=== Begin Enclosure ===

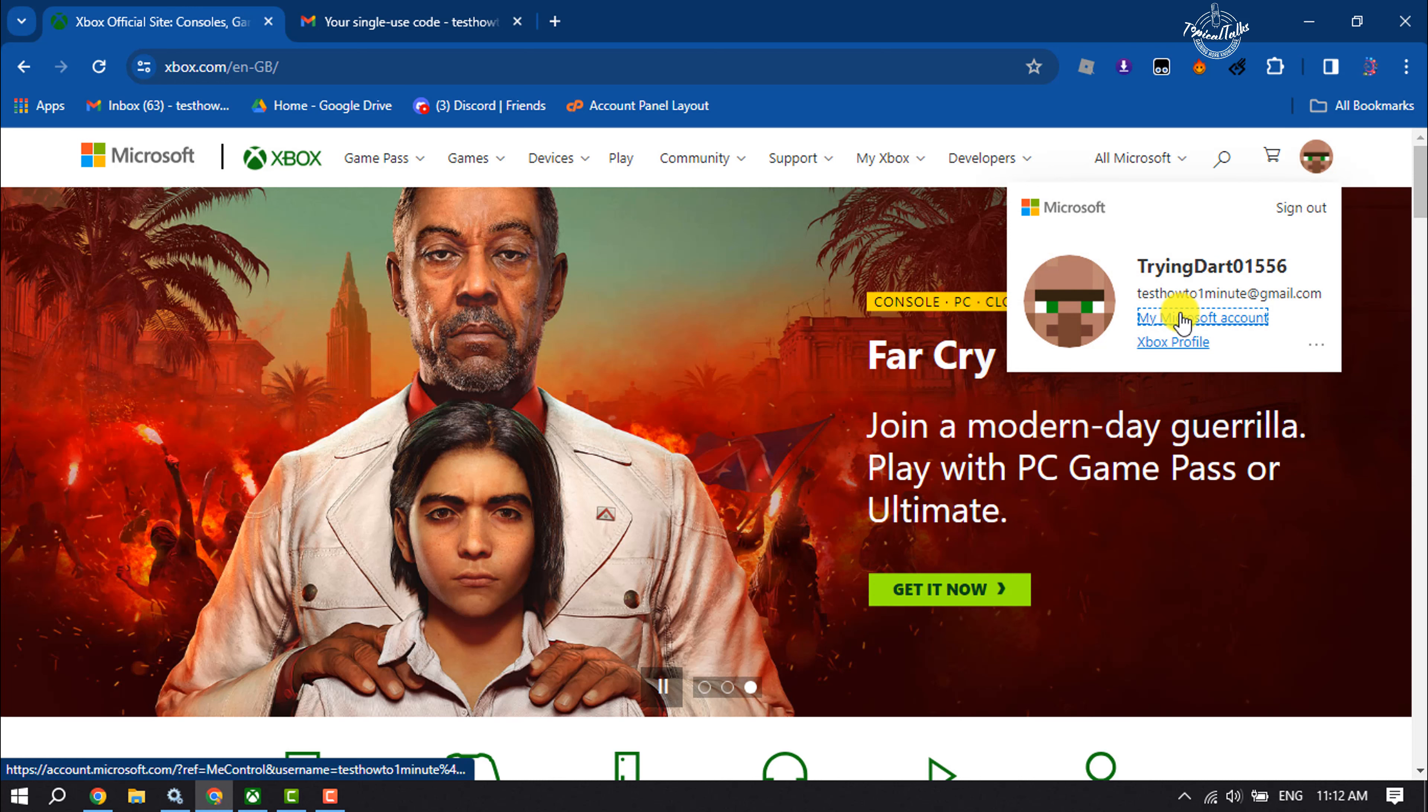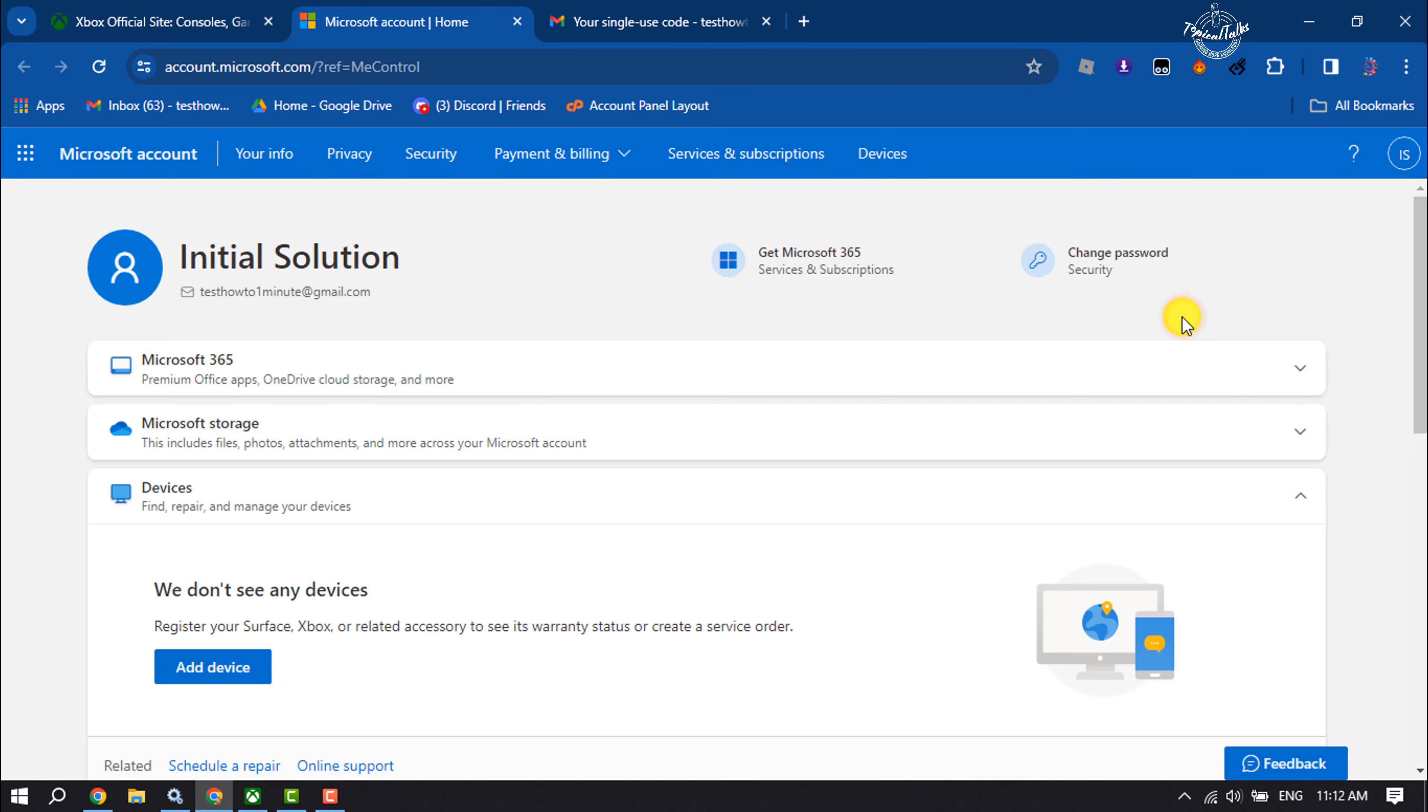Click on My Microsoft Account, and once you are on this page, click on Your Info.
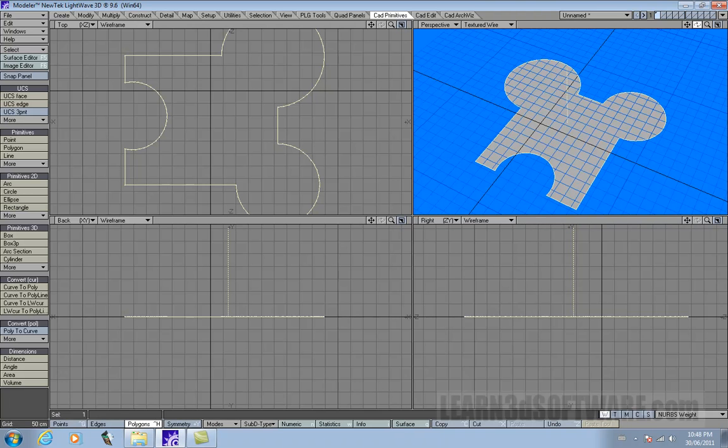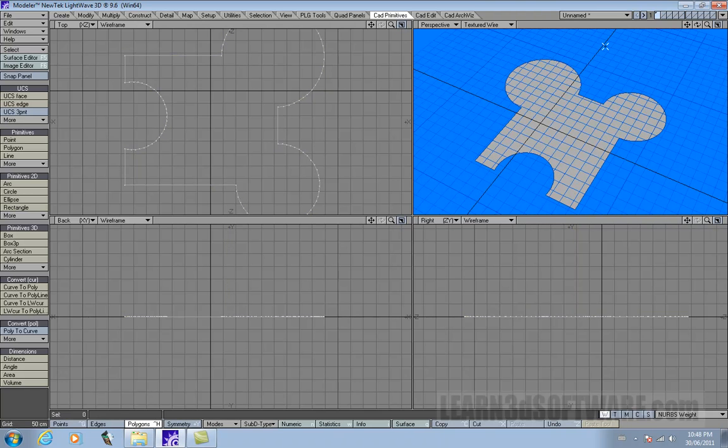So that's kind of neat. That was the curve to poly tool. It's kind of cool.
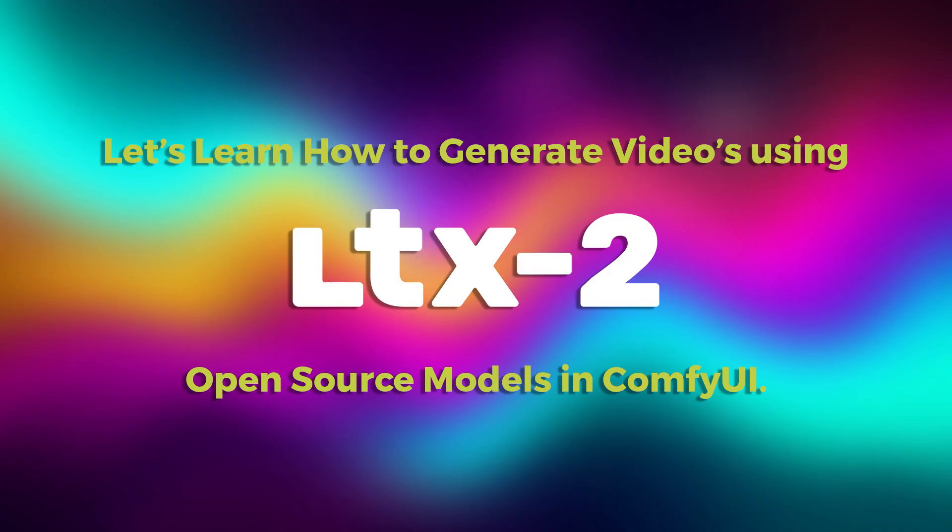Hello friends, welcome back to Rare Tutor. Today we're testing the new and updated open source model LTX2.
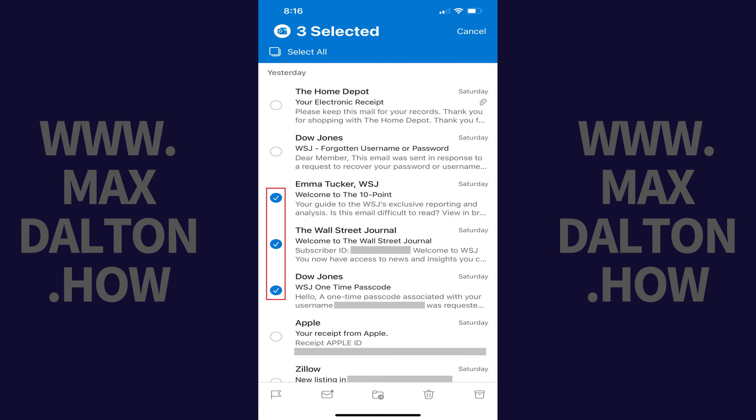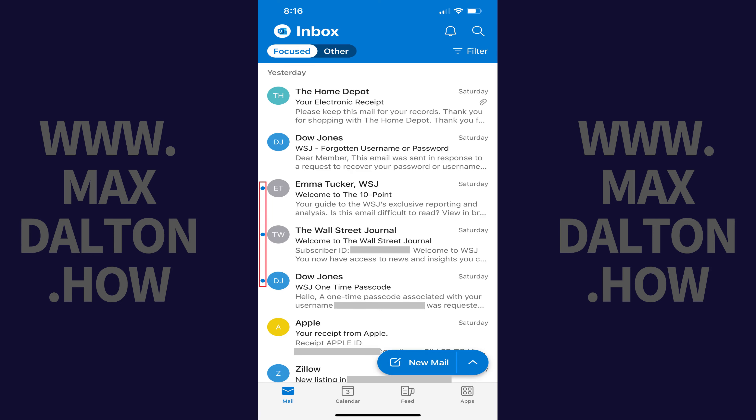Step 3. Tap to place a check mark next to any of the email messages you want to mark as unread, and then tap the Mark as Unread icon in the menu along the bottom of the screen. The Mark as Unread icon looks like a closed envelope. You'll return to your normal Microsoft Outlook inbox screen where you'll now see small blue dots next to your selected messages, indicating that they are unread.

=== End Enclosure ===

Make an exact copy of all the material, but keep the pictures out of it.

▶ [Finished exercise]:
Click on My Microsoft Account, and once you are on this page, click on Your Info.
So that's kind of neat. That was the curve to poly tool. It's kind of cool.
Hello friends, welcome back to Rare Tutor. Today we're testing the new and updated open source model LTX2.
Step 3. Tap to place a check mark next to any of the email messages you want to mark as unread, and then tap the Mark as Unread icon in the menu along the bottom of the screen. The Mark as Unread icon looks like a closed envelope. You'll return to your normal Microsoft Outlook inbox screen where you'll now see small blue dots next to your selected messages, indicating that they are unread.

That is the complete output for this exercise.